_TO DO_
Beginning at the line that holds "贵宾犬喂养技巧，贵宾犬喂养技巧图解" and continuing to the last line of the data below, transcribe every line word for word, without pictures.

──────

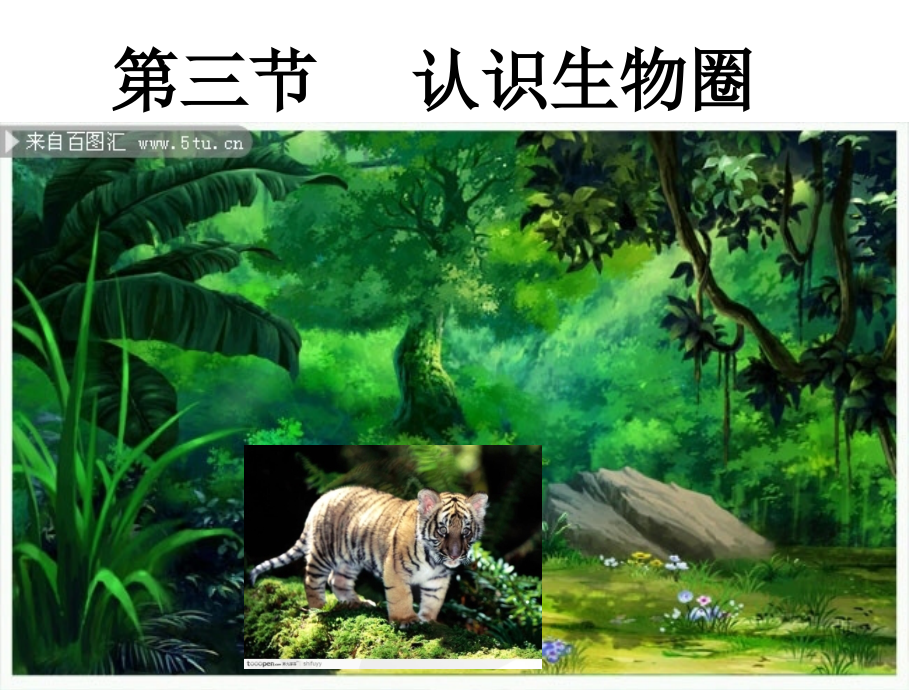第三节认识生物圈.ppt_第2页
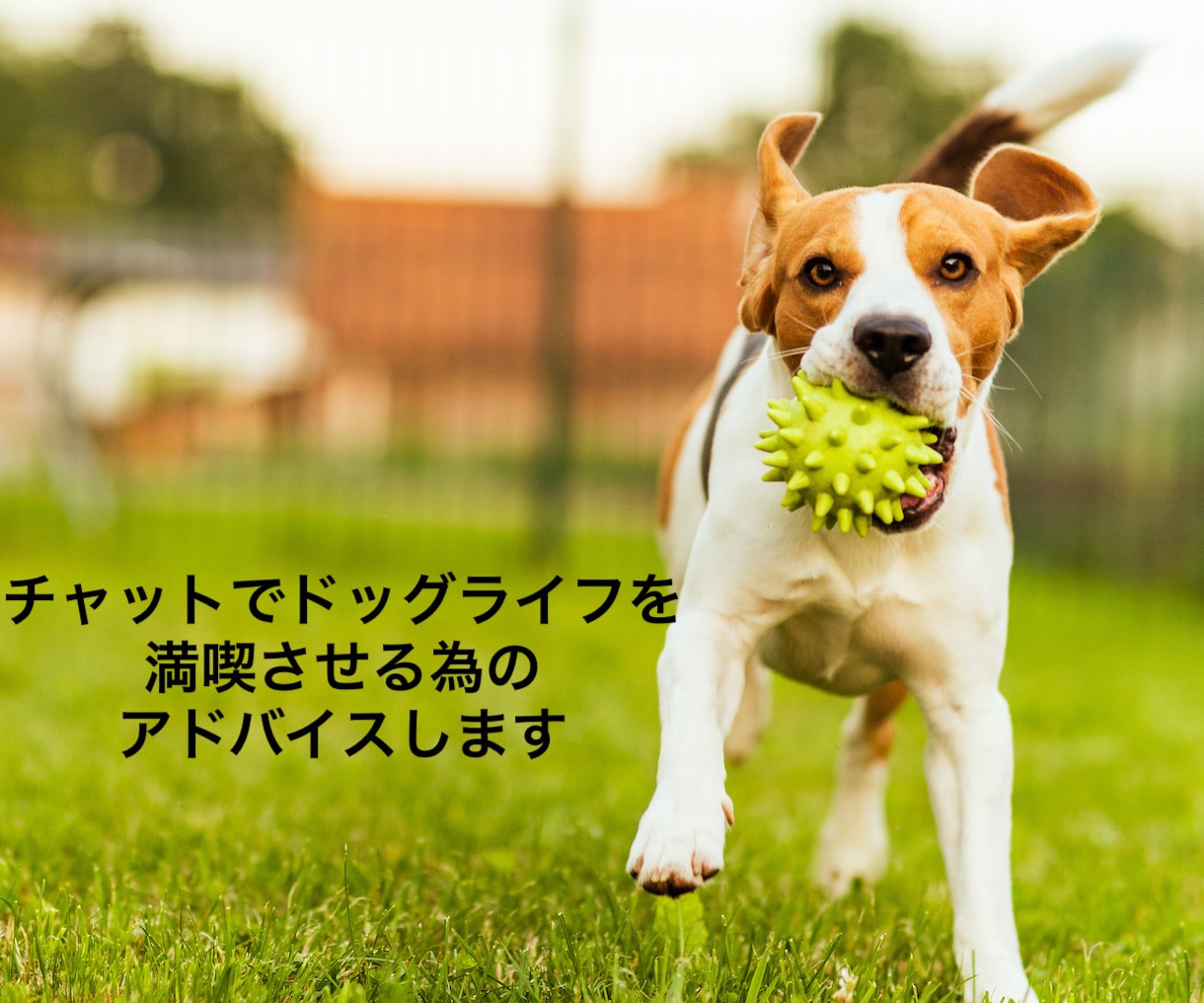 チャットでドッグライフ満喫の仕方をアドバイスします とことん「ドッグライフ」を楽しむための方法をご紹介します! イメージ1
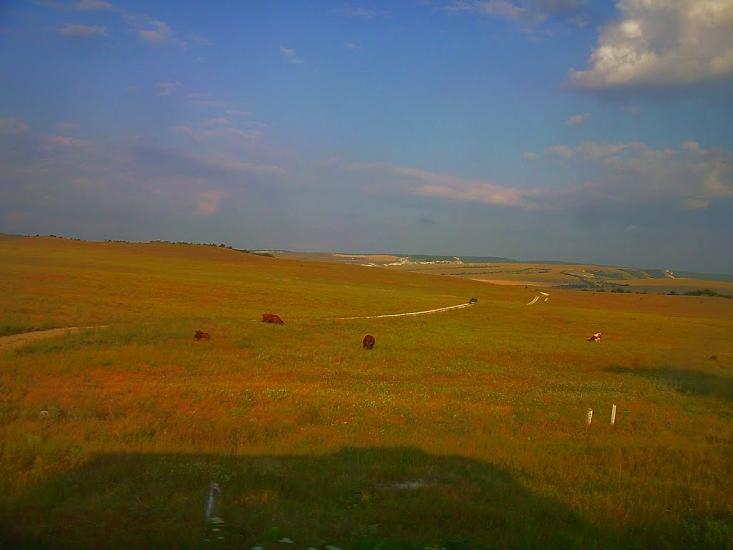 Сирень з panoramio.com - Сирень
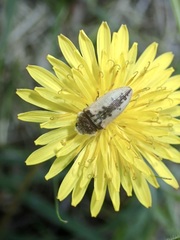 Acmaeodera pilosellae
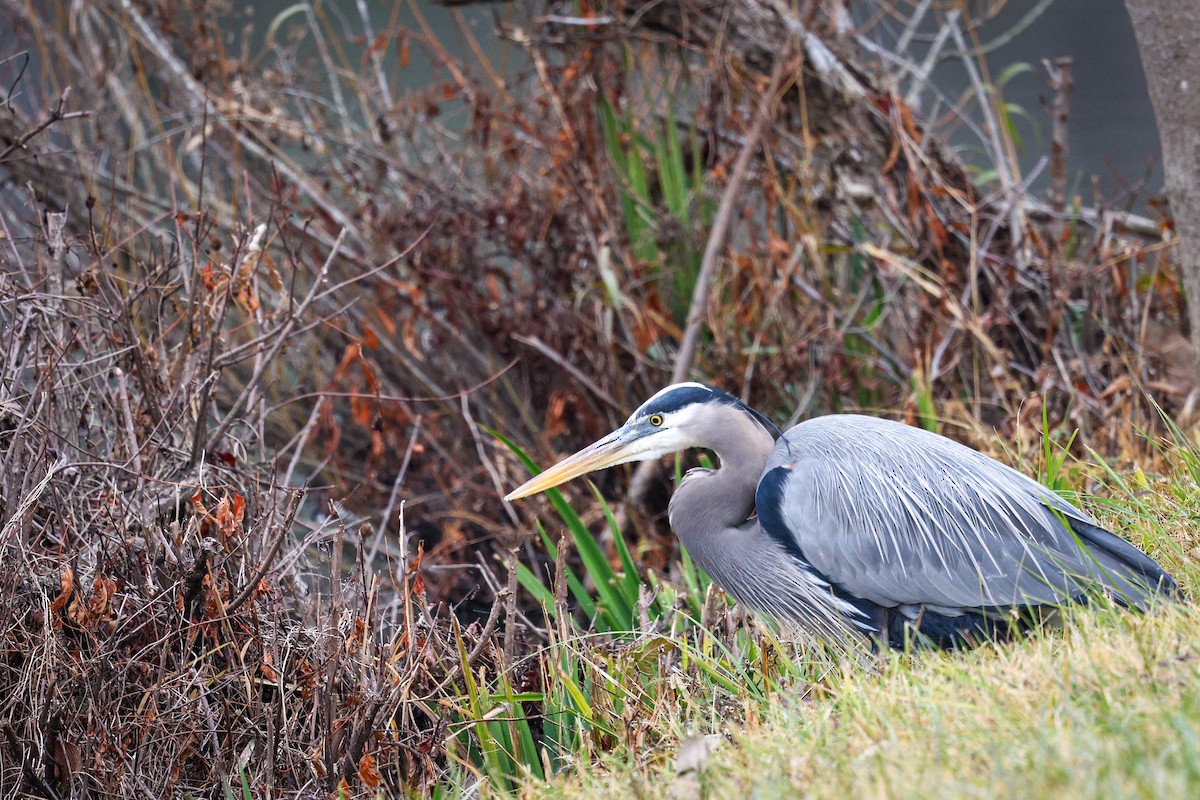 herodiashegre - ML646544702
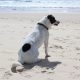 Mon chien en vacances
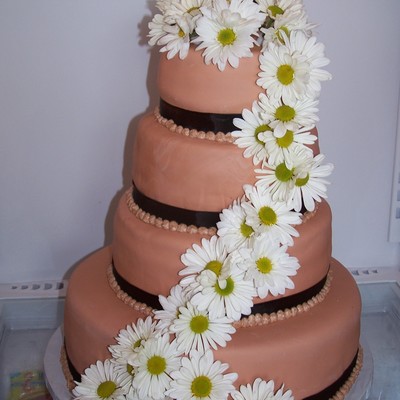 Brown Daisy Cake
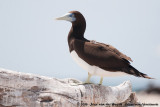 Brown BoobySula leucogaster plotus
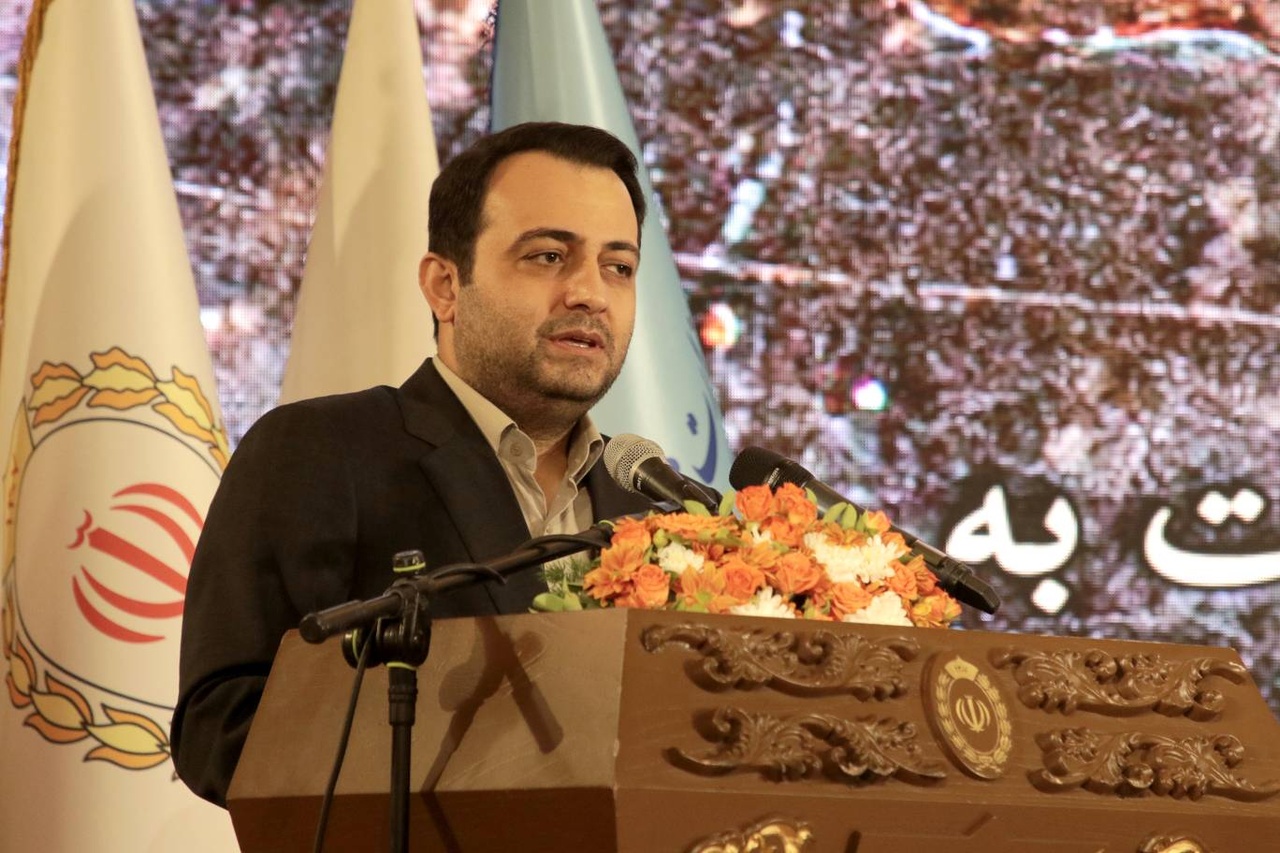 مدیرعامل بانک ملی ایران:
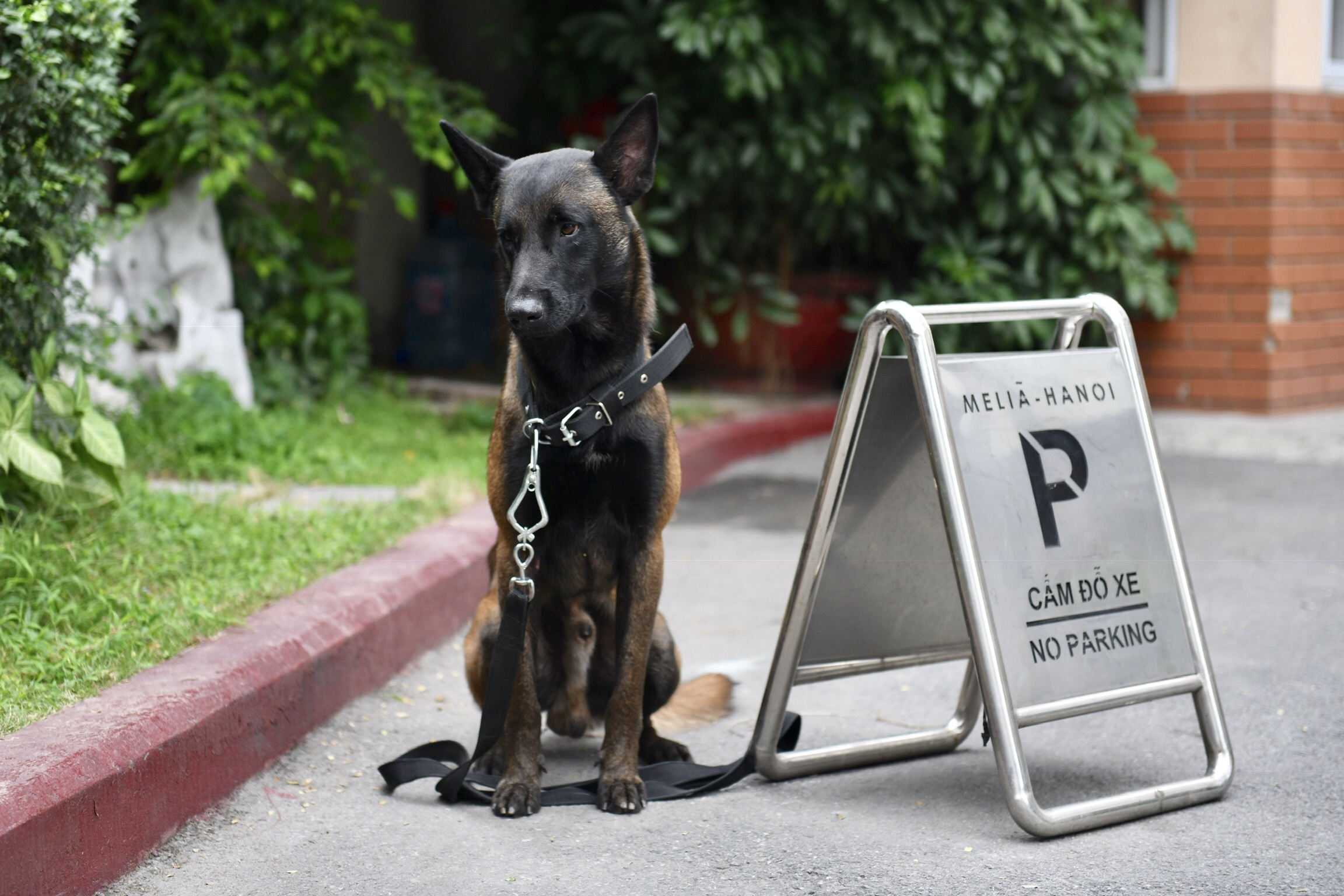 chó nghiệp vụ rà mìn khách sạn melia ảnh 10 cho nghiep vu ra min khach san melia anh 10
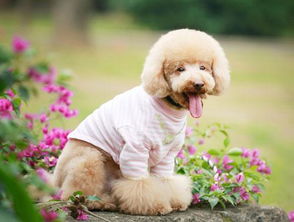 贵宾犬喂养技巧，贵宾犬喂养技巧图解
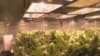 Legalizacija marihuane u Kolorada doprinosi procvatu biznisa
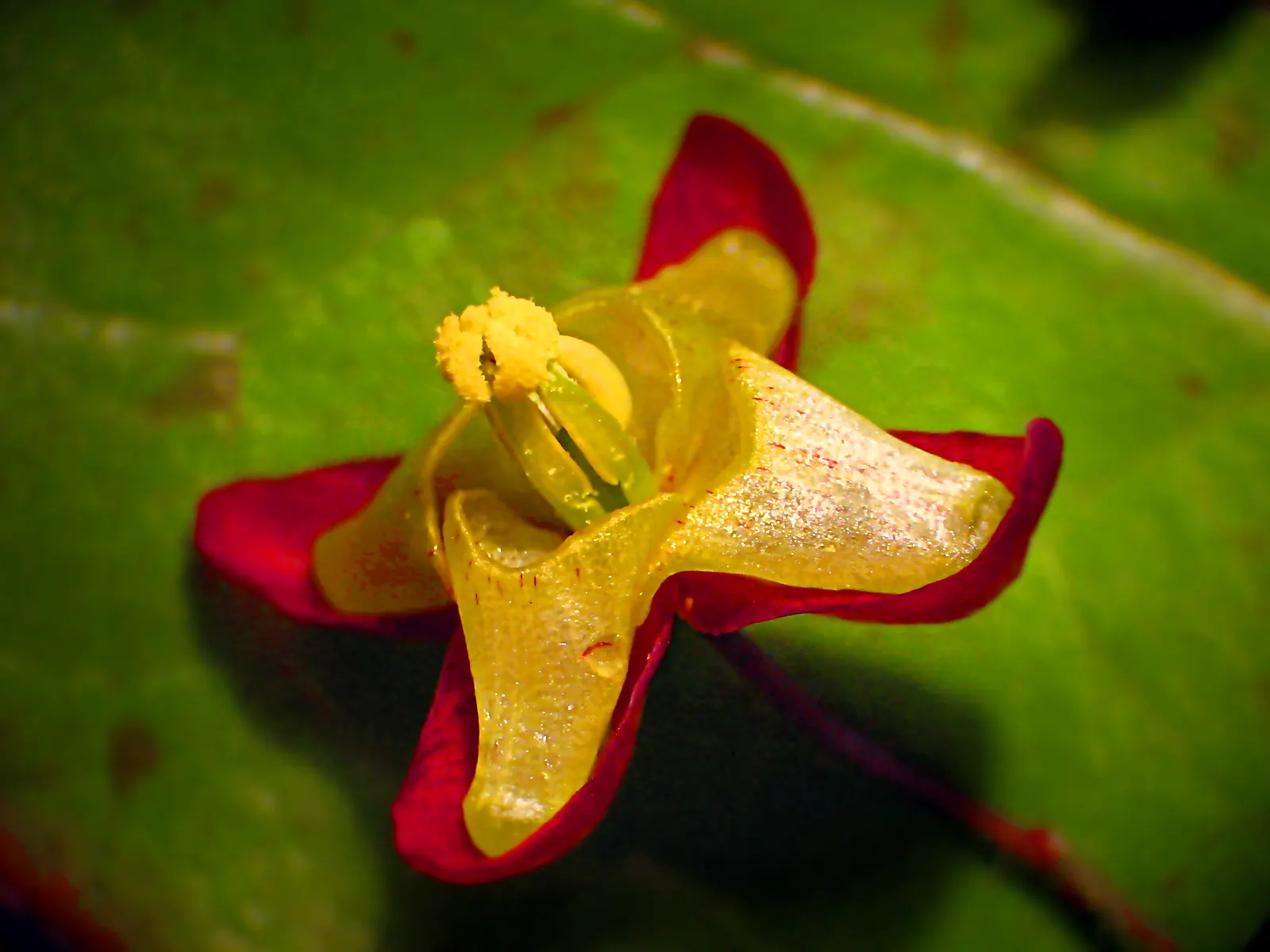 Bishop's Hat (Epimedium 'Niveum') — making it an adaptable choice for less hospitable parts of the garden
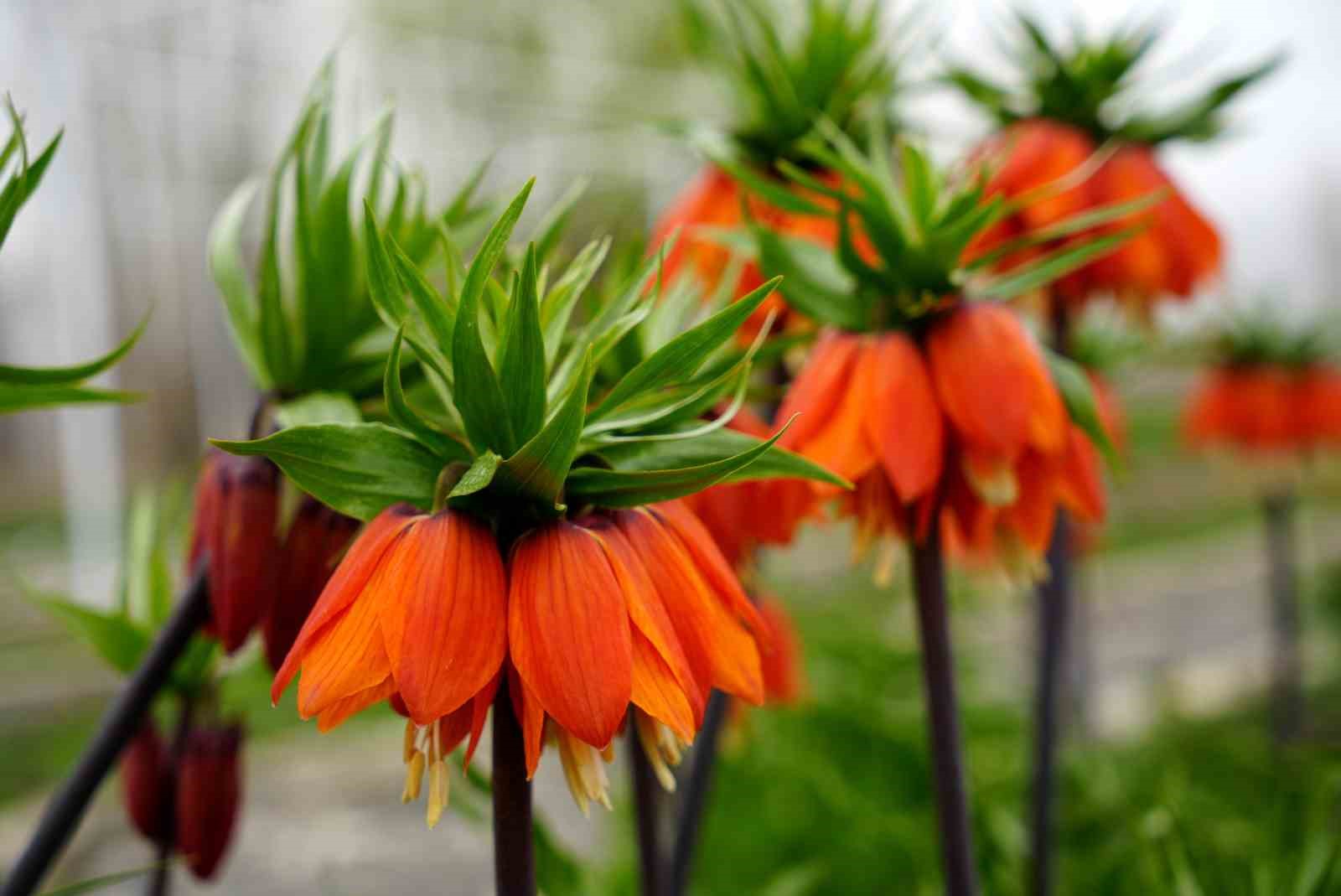 Kemaliye dağlarında ters laleler açtı

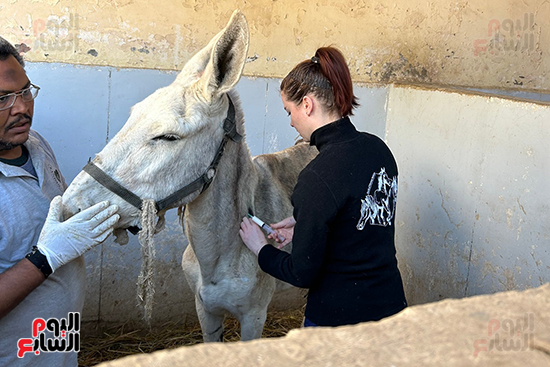 تقديم-العلاج-للحيوانات-برعاية-أجنبية تقديم-العلاج-للحيوانات-برعاية-أجنبية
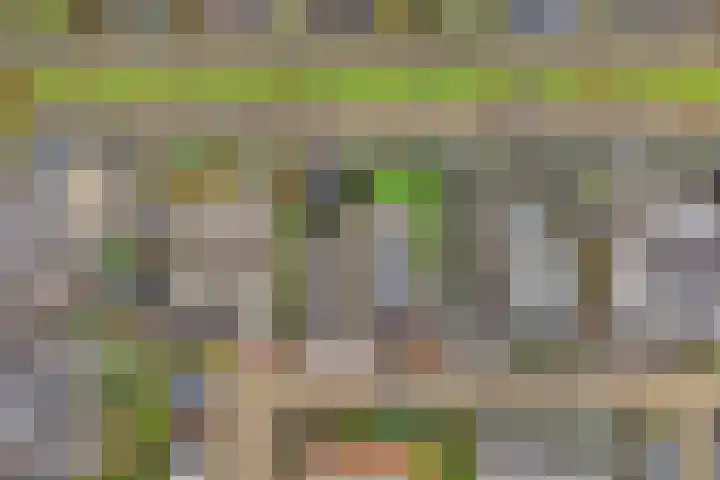 Italiaansezoom 2 Nieuwerkerk aan den IJssel thumbnail 44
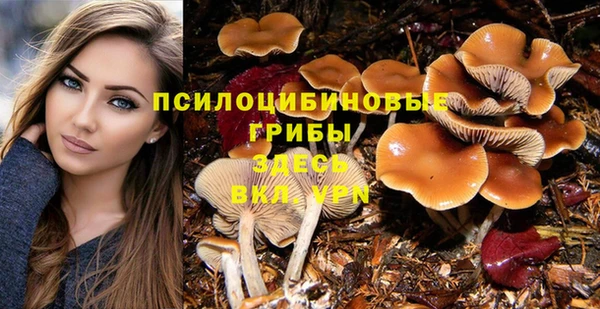 хмурый Алексеевка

──────

_REPLY_
 贵宾犬喂养技巧，贵宾犬喂养技巧图解
 Legalizacija marihuane u Kolorada doprinosi procvatu biznisa
 Bishop's Hat (Epimedium 'Niveum') — making it an adaptable choice for less hospitable parts of the garden
 Kemaliye dağlarında ters laleler açtı

 تقديم-العلاج-للحيوانات-برعاية-أجنبية تقديم-العلاج-للحيوانات-برعاية-أجنبية
 Italiaansezoom 2 Nieuwerkerk aan den IJssel thumbnail 44
 хмурый Алексеевка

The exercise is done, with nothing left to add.